Study patients used for this analysis, were those 135 undergoing MRI at 6 months follow-up without any recurrent ischaemic cardiac event. The diagnosis of re-infarction was based on clinical symptoms, new ST-segment changes, and increase in the creatine kinase (CK) and MB level above a reference limit in patients with normalized values or if there was an increase of > 50% from the last non-normalized measurement. Reasons for not pursuing MRI were as follows: death (n = 11), neurological deficit (n = 2), re-infarction in the same territory (n = 7), claustrophobia (n = 2), lost-to-follow-up (n = 1), pacemaker (n = 1), refusal (n = 1). For the purpose of examining the time-dependency of IS and infarct transmurality, the time-to-treatment was calculated from symptom-onset to first fibrinolytic bolus initiation.
Angiographic analysis
Angiographic analysis included initial and final TIMI-flow grade of the culprit vessel, assessed offline in the angiographic core laboratory by two blinded observers with averaging of the TIMI-flow, if not in agreement. In patients assigned to prehospital combination-fibrinolysis with standard care angiograms were performed electively,11 thus these angiographic data were not used for the current analysis.
Electrocardiographic analysis
A 12-lead ECG was recorded in the prehospital setting and approximately 90 min after reperfusion (first lytic bolus application) in all patients. In facilitated PCI patients ECG II was recorded immediately after PCI. Times between ECG I and II were similar between both reperfusion strategies (127 vs. 143 min; P = 0.12).11 For ECG interpretation blinded observers in the ECG core laboratory measured the sum of ST-segment elevation 20 ms after the end of the QRS complex in ECG I and II. STR was calculated as the sum of ST-segment elevation ECG I minus the sum of ST-segment elevation ECG II divided by the sum of ST-segment elevation ECG I. STR was expressed as percentage. For the purpose of examining STR dependency of IS and transmurality, patients were also categorized into three groups as complete (>70%), intermediate (70–30%), or no STR (<30%).4
Enzymatic infarct size
According to protocol, the IS was additionally assessed indirectly by the area under the curve of CK-release for measurements obtained every 6 h over 3 days and for the peak CK. For missing values (<1% of all measurements) linear interpolation was used.

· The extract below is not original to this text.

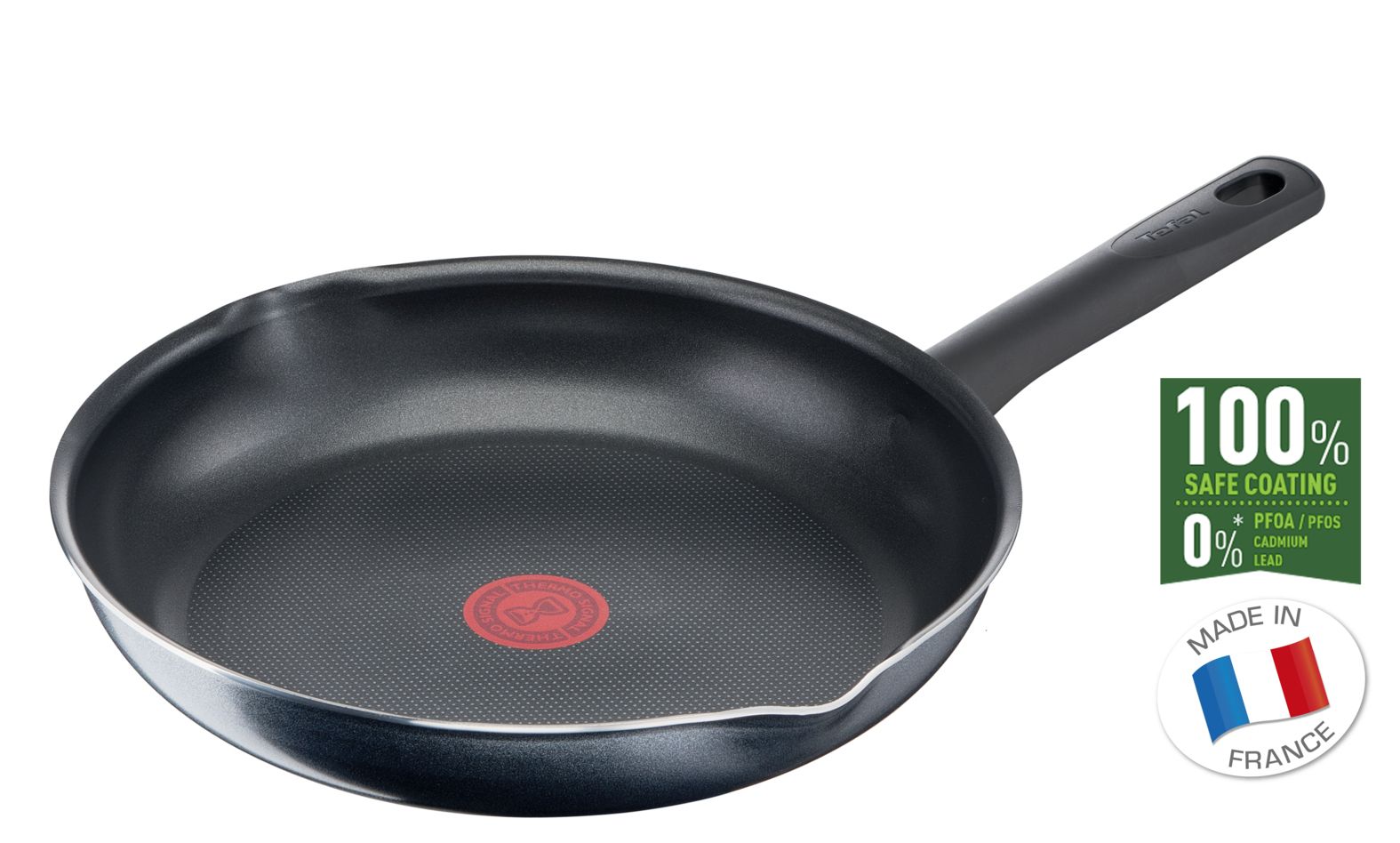 Tefal Family Day Koekenpan - 28 cm - Zwart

Magnetic resonance imaging
IS was determined at 6-month follow-up by MRI. Imaging was performed on a 1.5 T scanner (Philips Intera CV, Best, The Netherlands). All images were acquired with breath-holding and were gated by a vector cardiographic method. LV function was assessed by a standard steady-state free precession technique (20–25 phases per cardiac cycle; repetition time 3.2 ms, echo time 1.2 ms, flip angle 60°, typical voxel size 1.8 x 1.8 x 8.0 mm).12 DE images covering the whole ventricle were acquired 15–20 min after administering Gadobutrol intravenously (Gadovist, Schering, Germany) at a dose of 0.2 mmol/kg body weight. An inversion-recovery gradient echo sequence (repetition time 2.8 ms, echo time 1.1 ms, flip angle 15°, voxel size 2.0 x 2.0 x 5.0 mm) was used and the inversion time adapted individually to null normal myocardium. All measurements were performed by blinded operators at the MR core laboratory, which has excellent intra- and interobserver variability for IS measurement.13 Total LV myocardial mass and IS, expressed as percentage of LV mass (% LV), were assessed manually as described previously.11,13 In patients with previous infarction showing > 1 distinct region of DE, the target region of the index infarct was analysed based on ECG and angiographic criteria. In two patients with previous inferior MI in the same territory, this region was included. For assessment of infarct transmurality, the highest segmental extent of DE was calculated by dividing the hyperenhanced region using a 17-segment model by the total area of the predefined segment.14 High transmurality was assumed if hyperenhancement extended > 50% of the thickness of at least one segment. In addition, LV ejection fraction (EF), end-diastolic, and end-systolic volumes were calculated from the short-axis views.11
Statistical analysis
The data are presented as median with interquartile range (IQR) or frequencies and percentages. Differences between means of continuous variables were tested by the Kruskal–Wallis test. Frequencies were compared using the exact 
2 test. Differences were considered significant at a two-sided P-value < 0.05.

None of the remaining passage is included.